It is commonly known that it was illegal to consume or sell alcohol in Canada during prohibition; however, it may shock residents to learn that margarine was also an illegal substance.
In fact, margarine didn’t become legal in the province until March 24th, 1949. Now, you may be thinking that the spread is a relatively new concoction, but this is not so.
According to Wikipdedia, it was, “created it in France in 1869 when responding to a challenge by Emperor Napoleon III to create a butter substitute from beef tallow for the armed forces and lower classes.”
The imitation butter spread had the potential make a serious splash on the Canadian marker, but this made dairy farmers uneasy. With the rise of its popularity, the substance was banned across Canada in 1886.
With that being said, the nation temporarily lifted the ban from 1917 to 1923 during the Second World War.
Margarine in Canada
Once legalized, the spread had a great deal of restrictions.
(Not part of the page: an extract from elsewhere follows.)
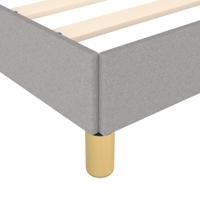 Bedframe zonder matras 120x190 cm stof lichtgrijs - thumbnail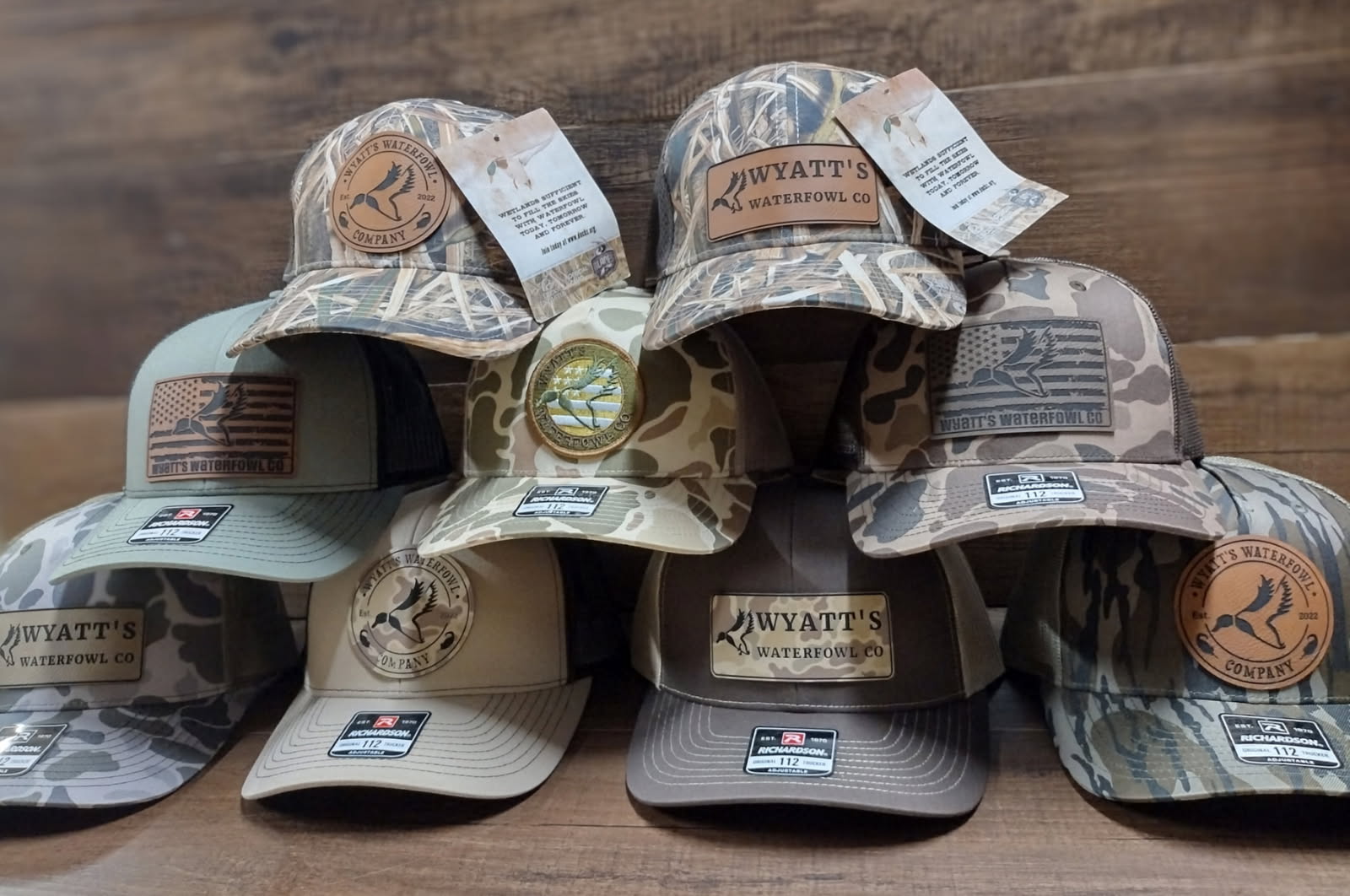 Wyatt's Waterfowl Co Old School Camo Hat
For one, it wasn’t allowed to be yellow, as that made it appear more like butter. As a result, the first Canadian instalments were white.
“Margarine had to be clearly labelled, couldn’t be used in any provincial institution, and was forbidden from resembling butter in shape or colour. After a hard-won victory, Vancouver would go on to produce the first commercial margarine in the country. Anecdotal reports indicate that early consumers couldn’t believe it wasn’t butter,” reports the Tyee.
Quebec was the last province to change its laws regarding the colour of the product. Prior to 2008, the province strictly enforced that the spread was white.